## What you will do:
In the material below, how many lines include the string "Free"? Answer with the number and nothing else.
--------------------------------
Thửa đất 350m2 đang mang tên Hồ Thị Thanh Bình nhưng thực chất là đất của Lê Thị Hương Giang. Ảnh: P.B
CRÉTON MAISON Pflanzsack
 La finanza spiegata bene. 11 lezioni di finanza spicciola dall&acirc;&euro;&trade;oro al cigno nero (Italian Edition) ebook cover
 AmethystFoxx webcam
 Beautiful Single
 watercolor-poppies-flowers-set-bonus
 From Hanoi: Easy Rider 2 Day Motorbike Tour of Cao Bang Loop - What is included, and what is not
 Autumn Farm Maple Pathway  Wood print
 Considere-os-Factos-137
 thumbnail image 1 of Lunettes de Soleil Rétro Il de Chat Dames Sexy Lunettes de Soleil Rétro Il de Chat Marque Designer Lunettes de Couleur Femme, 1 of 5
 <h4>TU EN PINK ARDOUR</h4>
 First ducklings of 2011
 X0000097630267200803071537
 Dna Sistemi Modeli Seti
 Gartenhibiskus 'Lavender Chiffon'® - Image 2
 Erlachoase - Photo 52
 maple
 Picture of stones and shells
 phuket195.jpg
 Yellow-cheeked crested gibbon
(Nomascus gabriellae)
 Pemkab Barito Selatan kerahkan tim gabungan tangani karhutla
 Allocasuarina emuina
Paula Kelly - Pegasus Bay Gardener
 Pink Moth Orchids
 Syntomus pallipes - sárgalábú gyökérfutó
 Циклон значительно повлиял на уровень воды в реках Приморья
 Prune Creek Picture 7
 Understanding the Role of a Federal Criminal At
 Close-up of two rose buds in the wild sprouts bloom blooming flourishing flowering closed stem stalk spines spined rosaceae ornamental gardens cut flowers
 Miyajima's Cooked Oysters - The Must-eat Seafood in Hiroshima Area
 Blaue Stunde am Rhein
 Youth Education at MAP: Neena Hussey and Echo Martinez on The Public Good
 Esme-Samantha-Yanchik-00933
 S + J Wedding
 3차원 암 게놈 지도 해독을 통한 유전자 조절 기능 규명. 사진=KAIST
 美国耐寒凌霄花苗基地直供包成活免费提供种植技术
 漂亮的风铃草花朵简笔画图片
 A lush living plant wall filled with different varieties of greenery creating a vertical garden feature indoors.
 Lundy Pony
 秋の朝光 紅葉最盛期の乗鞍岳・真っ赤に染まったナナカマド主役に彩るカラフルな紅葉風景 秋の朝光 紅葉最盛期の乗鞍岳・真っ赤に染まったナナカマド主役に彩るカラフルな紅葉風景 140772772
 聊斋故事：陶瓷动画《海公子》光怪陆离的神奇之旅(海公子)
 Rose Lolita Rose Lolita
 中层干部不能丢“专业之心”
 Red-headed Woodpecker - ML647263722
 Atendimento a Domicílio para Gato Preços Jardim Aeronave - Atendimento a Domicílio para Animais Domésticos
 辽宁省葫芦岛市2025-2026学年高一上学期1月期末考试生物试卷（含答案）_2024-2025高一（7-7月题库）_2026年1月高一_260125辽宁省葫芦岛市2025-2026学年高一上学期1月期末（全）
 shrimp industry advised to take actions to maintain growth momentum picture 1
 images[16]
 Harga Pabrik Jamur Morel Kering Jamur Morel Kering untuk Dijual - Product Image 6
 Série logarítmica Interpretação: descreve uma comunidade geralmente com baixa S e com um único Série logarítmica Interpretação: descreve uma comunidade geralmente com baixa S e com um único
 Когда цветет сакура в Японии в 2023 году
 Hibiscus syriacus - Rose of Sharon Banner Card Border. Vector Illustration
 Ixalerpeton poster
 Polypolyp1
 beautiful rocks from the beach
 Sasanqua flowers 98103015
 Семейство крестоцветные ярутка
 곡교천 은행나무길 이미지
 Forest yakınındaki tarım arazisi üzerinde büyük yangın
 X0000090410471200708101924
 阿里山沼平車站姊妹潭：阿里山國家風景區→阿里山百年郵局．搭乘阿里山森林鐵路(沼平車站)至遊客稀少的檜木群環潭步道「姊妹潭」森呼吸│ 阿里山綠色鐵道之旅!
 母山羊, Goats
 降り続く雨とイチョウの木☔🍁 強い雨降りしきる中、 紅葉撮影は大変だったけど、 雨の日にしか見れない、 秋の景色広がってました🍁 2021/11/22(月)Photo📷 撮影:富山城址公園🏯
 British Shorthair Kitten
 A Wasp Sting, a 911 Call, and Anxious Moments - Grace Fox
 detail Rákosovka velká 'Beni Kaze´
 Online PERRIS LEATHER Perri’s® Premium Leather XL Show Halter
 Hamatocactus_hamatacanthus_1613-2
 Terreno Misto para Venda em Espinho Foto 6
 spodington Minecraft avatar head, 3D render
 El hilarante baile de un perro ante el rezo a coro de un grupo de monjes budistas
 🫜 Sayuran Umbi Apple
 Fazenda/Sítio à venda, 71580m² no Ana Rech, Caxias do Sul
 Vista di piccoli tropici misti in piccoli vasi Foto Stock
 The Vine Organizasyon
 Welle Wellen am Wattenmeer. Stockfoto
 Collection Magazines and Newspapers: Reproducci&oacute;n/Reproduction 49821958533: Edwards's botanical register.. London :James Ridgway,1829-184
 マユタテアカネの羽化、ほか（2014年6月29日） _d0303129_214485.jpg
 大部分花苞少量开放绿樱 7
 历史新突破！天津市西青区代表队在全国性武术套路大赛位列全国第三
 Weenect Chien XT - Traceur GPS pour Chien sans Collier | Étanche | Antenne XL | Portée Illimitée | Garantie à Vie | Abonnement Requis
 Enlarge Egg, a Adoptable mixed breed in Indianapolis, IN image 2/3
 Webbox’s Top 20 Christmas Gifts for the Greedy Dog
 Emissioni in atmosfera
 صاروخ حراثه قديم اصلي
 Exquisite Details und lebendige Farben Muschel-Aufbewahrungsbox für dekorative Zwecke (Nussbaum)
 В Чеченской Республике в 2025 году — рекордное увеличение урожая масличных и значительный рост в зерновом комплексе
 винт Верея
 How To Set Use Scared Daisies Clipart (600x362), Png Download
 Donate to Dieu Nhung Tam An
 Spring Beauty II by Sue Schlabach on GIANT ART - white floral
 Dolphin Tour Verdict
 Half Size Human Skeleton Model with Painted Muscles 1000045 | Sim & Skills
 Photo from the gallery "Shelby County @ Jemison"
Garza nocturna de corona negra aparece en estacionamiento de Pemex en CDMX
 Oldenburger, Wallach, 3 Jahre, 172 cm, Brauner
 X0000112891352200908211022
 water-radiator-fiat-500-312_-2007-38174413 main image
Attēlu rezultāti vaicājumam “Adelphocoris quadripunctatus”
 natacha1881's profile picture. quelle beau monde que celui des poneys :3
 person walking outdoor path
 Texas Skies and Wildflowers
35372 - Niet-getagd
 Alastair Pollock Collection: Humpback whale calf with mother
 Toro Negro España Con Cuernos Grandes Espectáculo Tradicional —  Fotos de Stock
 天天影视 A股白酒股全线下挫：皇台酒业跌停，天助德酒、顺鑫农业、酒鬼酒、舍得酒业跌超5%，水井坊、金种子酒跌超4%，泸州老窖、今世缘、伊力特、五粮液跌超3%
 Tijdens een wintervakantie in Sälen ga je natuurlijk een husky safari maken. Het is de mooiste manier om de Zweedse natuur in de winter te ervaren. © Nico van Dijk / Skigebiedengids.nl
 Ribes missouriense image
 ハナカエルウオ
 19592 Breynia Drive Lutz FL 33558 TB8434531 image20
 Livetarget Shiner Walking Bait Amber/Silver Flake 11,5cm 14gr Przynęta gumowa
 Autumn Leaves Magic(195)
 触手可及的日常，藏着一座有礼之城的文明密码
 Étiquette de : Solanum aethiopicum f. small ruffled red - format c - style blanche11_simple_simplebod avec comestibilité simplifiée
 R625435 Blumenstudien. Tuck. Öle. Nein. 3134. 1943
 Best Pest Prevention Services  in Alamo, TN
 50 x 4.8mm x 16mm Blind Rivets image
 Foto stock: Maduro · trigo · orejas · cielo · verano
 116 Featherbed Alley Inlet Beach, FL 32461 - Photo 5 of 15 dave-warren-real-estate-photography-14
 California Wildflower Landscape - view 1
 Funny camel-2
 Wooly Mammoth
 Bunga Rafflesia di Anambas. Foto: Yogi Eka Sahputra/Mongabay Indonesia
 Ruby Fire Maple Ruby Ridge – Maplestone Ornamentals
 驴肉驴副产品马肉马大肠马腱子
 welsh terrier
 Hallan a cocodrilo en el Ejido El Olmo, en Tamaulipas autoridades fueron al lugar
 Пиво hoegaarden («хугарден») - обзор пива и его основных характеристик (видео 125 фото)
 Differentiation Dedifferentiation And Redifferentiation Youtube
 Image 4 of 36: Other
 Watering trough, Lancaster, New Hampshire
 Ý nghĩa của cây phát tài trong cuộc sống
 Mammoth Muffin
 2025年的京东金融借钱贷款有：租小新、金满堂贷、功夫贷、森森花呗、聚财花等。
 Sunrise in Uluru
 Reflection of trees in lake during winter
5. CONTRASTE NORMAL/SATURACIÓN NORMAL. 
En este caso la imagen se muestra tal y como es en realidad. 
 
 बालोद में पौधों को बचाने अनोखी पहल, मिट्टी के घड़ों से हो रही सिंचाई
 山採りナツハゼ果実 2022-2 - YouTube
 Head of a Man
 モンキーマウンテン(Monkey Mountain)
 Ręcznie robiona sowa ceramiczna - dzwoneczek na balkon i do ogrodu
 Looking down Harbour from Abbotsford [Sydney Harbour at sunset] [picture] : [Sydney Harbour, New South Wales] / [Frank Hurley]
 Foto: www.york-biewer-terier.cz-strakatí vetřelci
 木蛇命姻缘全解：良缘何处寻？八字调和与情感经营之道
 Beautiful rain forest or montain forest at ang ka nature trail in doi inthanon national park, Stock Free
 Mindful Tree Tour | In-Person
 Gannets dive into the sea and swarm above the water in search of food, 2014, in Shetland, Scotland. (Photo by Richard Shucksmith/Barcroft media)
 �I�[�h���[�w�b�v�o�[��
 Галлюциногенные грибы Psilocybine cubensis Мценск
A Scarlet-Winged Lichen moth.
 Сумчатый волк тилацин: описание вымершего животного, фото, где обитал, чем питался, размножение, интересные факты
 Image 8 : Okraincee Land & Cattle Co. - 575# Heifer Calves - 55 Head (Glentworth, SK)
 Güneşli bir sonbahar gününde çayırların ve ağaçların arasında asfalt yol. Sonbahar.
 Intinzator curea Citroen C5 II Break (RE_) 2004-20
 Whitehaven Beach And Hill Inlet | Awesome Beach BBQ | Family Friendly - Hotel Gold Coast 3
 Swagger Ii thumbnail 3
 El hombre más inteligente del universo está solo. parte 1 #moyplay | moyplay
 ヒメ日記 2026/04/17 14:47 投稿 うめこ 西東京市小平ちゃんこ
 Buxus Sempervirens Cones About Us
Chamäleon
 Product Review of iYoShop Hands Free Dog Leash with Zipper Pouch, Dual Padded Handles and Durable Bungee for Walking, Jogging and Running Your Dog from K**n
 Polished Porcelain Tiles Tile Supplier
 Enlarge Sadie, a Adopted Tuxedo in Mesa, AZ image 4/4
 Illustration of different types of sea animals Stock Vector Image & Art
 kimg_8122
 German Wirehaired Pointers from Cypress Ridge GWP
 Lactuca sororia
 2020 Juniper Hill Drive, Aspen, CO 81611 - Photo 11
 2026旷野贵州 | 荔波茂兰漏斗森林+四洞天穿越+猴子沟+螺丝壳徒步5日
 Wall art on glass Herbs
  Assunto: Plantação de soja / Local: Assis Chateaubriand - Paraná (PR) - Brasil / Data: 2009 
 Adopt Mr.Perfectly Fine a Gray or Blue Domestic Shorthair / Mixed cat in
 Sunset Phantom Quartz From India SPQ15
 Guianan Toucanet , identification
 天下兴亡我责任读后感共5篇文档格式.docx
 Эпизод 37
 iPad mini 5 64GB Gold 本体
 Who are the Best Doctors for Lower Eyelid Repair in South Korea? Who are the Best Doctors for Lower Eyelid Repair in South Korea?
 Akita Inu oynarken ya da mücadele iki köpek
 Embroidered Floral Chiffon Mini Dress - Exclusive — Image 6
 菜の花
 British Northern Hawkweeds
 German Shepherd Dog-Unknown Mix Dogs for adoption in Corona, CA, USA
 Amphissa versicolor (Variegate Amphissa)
--------------------------------
## Written answer:
2